- _Task instructions_
Begin at the top of the entries below and write out every line through the one containing "Linköpings Derek Roy", excluding pictures.

(Entries supplied Opens)

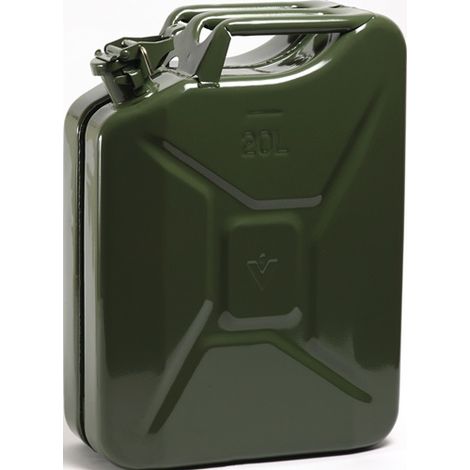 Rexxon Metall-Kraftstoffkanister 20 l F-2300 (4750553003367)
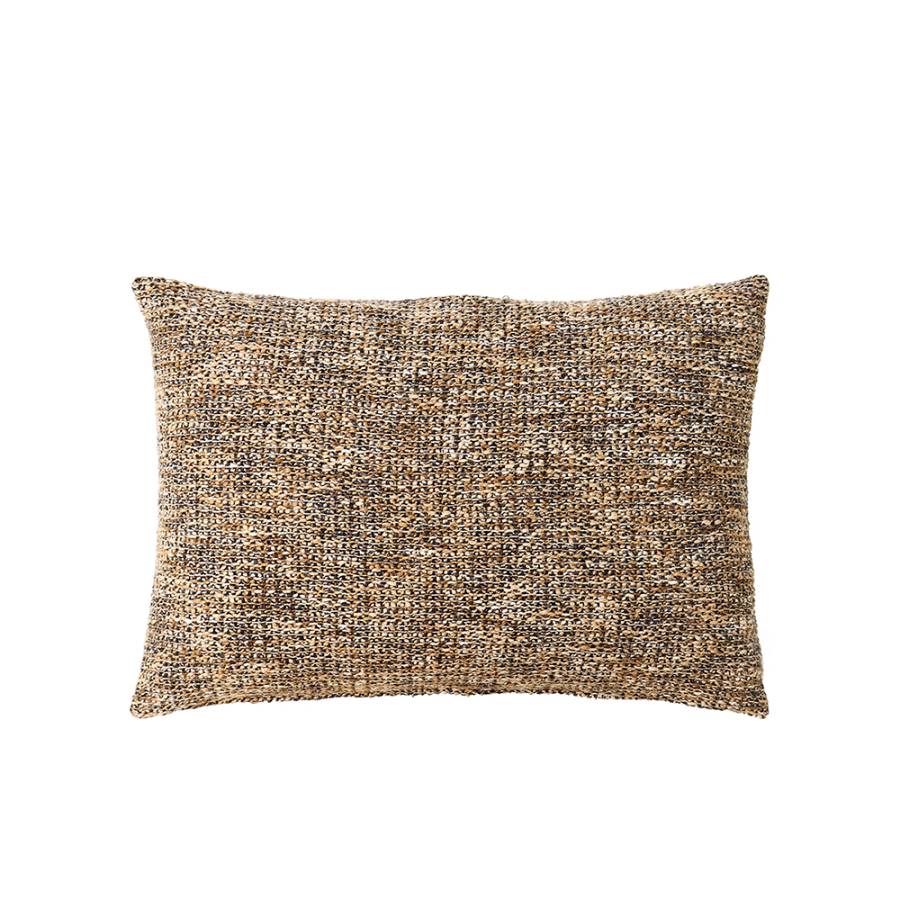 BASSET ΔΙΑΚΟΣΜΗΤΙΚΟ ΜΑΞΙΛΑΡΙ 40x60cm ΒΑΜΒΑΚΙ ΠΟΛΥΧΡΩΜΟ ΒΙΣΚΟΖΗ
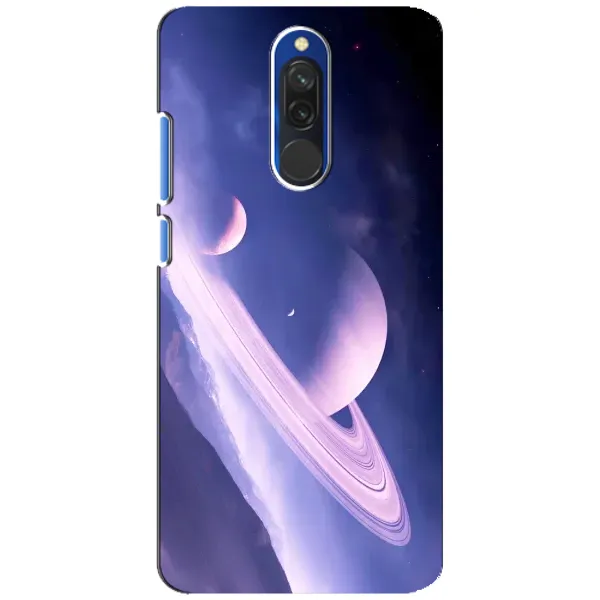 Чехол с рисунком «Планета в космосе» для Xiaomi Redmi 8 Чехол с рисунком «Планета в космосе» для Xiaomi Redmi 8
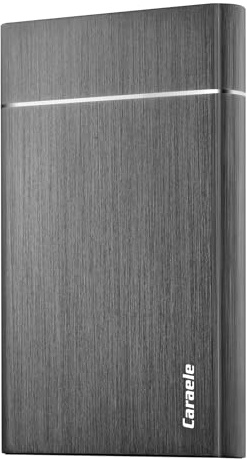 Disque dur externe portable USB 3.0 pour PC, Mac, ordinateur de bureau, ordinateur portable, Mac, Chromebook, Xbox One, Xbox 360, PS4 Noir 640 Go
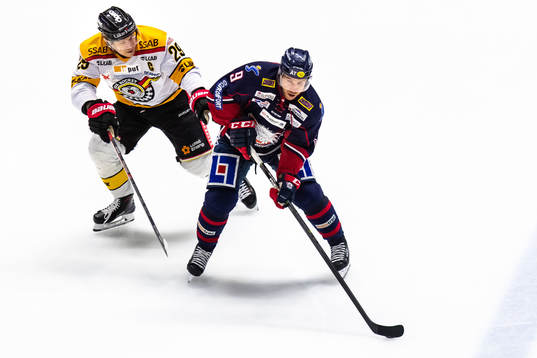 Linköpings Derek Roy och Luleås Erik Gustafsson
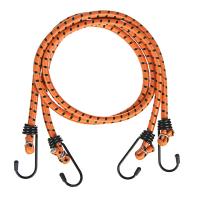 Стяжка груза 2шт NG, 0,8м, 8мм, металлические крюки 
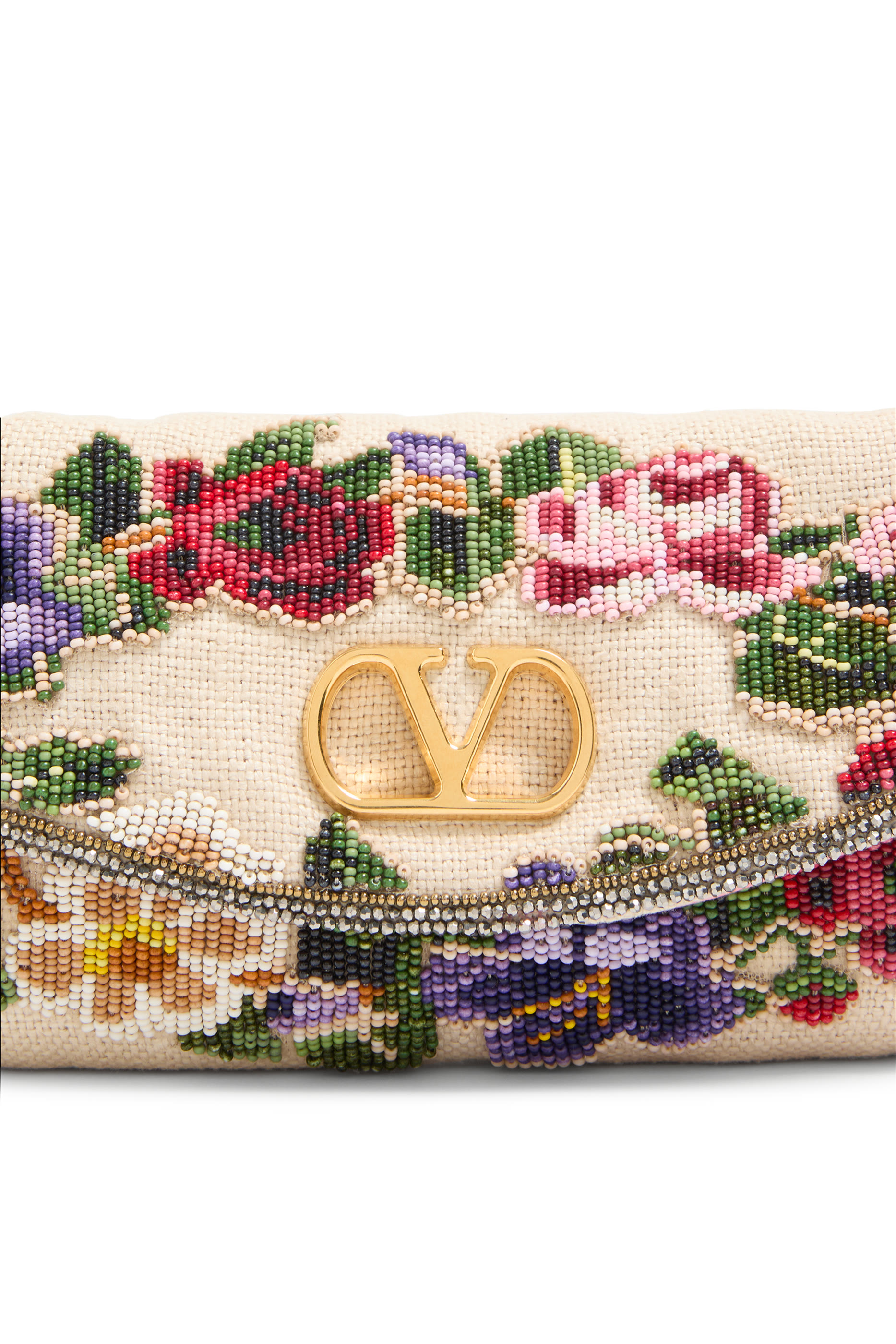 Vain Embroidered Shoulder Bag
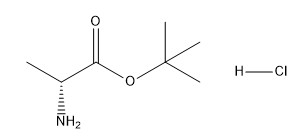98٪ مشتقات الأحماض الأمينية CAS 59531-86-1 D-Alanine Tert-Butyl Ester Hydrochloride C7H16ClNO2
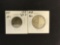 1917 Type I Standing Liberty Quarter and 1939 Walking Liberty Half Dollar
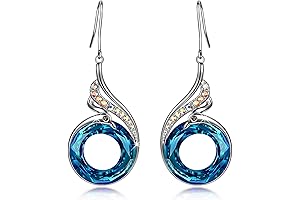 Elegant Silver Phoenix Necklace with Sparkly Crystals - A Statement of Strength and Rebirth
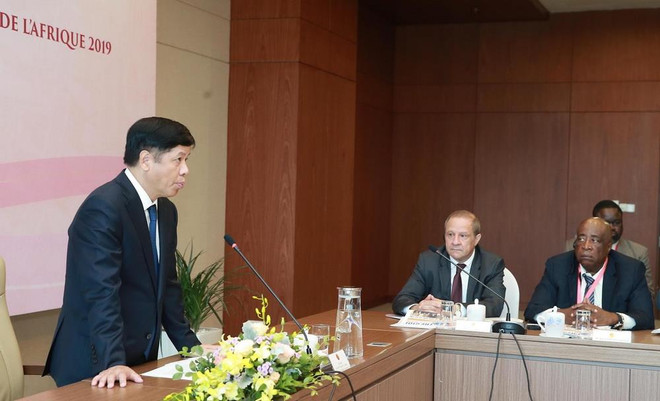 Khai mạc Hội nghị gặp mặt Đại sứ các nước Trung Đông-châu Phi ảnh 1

(Entries supplied Closes)

- _Worked solution_
 Rexxon Metall-Kraftstoffkanister 20 l F-2300 (4750553003367)
 BASSET ΔΙΑΚΟΣΜΗΤΙΚΟ ΜΑΞΙΛΑΡΙ 40x60cm ΒΑΜΒΑΚΙ ΠΟΛΥΧΡΩΜΟ ΒΙΣΚΟΖΗ
 Чехол с рисунком «Планета в космосе» для Xiaomi Redmi 8 Чехол с рисунком «Планета в космосе» для Xiaomi Redmi 8
 Disque dur externe portable USB 3.0 pour PC, Mac, ordinateur de bureau, ordinateur portable, Mac, Chromebook, Xbox One, Xbox 360, PS4 Noir 640 Go
 Linköpings Derek Roy och Luleås Erik Gustafsson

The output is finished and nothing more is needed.